The use of fossil fuels continues to pose adverse environmental impacts on the ecosystem in terms of global warming and pollution. Renewable energy sources, such as solar, wind, biofuels and hydro, are expected to play a key role in transforming the harmful carbon-intensive energy generation systems into the more sustainable ones [
1]. Motivated by this fact, the share of renewable energy sources in electricity generation is increasing [
2]. For example, the share of renewables in electricity generation in the U.S. increased from 10.5% to 17.5% over the last ten years [
1]. This trend is expected to continue for a long time, because many countries have already set ambitious renewable energy targets for climate action [
3]. The rise of renewables, however, presents some new challenges to overcome.
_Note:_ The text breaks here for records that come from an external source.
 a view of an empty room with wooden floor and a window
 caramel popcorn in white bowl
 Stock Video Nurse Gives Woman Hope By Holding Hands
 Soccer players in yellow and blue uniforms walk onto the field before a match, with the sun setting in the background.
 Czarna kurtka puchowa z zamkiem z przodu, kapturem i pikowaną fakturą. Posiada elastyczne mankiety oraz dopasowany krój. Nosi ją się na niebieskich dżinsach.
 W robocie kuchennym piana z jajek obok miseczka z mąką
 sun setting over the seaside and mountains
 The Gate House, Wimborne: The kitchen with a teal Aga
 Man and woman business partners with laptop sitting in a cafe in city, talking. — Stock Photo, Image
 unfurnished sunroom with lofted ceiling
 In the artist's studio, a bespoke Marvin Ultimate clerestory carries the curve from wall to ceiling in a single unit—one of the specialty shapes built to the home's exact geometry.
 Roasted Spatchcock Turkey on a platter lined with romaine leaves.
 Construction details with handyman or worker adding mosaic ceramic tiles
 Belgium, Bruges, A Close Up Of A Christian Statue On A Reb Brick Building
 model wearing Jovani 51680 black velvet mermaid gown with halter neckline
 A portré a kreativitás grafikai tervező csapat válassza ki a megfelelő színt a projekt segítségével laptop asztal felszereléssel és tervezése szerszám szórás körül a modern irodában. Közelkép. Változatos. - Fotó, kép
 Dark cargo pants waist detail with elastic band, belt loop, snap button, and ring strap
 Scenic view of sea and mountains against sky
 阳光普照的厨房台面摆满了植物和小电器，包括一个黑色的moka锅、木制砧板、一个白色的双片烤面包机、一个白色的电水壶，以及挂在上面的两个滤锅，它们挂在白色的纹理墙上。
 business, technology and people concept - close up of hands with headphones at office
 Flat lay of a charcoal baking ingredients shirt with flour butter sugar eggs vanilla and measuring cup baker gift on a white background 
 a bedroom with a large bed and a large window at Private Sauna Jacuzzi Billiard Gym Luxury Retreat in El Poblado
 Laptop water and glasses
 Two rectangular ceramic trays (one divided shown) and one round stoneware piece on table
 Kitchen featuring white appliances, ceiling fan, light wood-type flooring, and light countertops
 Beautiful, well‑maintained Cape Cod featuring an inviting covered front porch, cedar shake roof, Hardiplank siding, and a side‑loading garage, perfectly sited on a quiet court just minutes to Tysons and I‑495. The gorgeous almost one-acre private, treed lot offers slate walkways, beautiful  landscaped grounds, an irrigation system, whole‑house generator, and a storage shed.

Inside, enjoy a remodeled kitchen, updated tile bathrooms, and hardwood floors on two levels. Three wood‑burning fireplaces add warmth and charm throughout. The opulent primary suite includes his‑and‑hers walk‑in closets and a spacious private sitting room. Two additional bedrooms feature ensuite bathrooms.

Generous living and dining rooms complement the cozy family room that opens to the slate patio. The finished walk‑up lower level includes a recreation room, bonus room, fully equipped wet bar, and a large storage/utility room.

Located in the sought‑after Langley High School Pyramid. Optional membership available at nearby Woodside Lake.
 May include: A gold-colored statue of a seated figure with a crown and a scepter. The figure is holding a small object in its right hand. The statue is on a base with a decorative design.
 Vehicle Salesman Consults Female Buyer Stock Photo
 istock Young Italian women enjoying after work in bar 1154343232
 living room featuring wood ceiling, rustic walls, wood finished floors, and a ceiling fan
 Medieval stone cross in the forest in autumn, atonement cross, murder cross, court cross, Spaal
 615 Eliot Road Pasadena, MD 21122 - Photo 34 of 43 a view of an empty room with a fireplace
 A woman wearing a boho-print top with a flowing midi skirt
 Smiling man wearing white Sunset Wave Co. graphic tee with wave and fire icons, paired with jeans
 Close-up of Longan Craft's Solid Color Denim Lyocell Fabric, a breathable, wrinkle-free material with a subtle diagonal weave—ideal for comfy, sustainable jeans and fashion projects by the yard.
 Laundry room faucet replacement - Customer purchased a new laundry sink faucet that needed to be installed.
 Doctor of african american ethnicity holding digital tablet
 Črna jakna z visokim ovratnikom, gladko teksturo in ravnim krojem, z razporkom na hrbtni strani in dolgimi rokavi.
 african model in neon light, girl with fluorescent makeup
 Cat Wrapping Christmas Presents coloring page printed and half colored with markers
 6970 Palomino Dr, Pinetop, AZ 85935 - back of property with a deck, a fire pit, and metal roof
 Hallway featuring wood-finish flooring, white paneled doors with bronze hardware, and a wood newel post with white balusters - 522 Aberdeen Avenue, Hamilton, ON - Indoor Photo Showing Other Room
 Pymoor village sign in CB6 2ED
Primarily, the electricity generation from renewable energy sources is difficult to control and forecast due to their intermittent and stochastic nature, which may sometimes cause an imbalance between electricity supply and demand, and may consequently affect the stability of power grids. To fully exploit renewable energy sources, the potential imbalances between electricity supply and demand should be avoided. Transition from generation on demand to consumption on demand is a way to address this issue. In this regard, the flexibility of the demand side is a very important asset which can be harnessed by demand response (DR) programs.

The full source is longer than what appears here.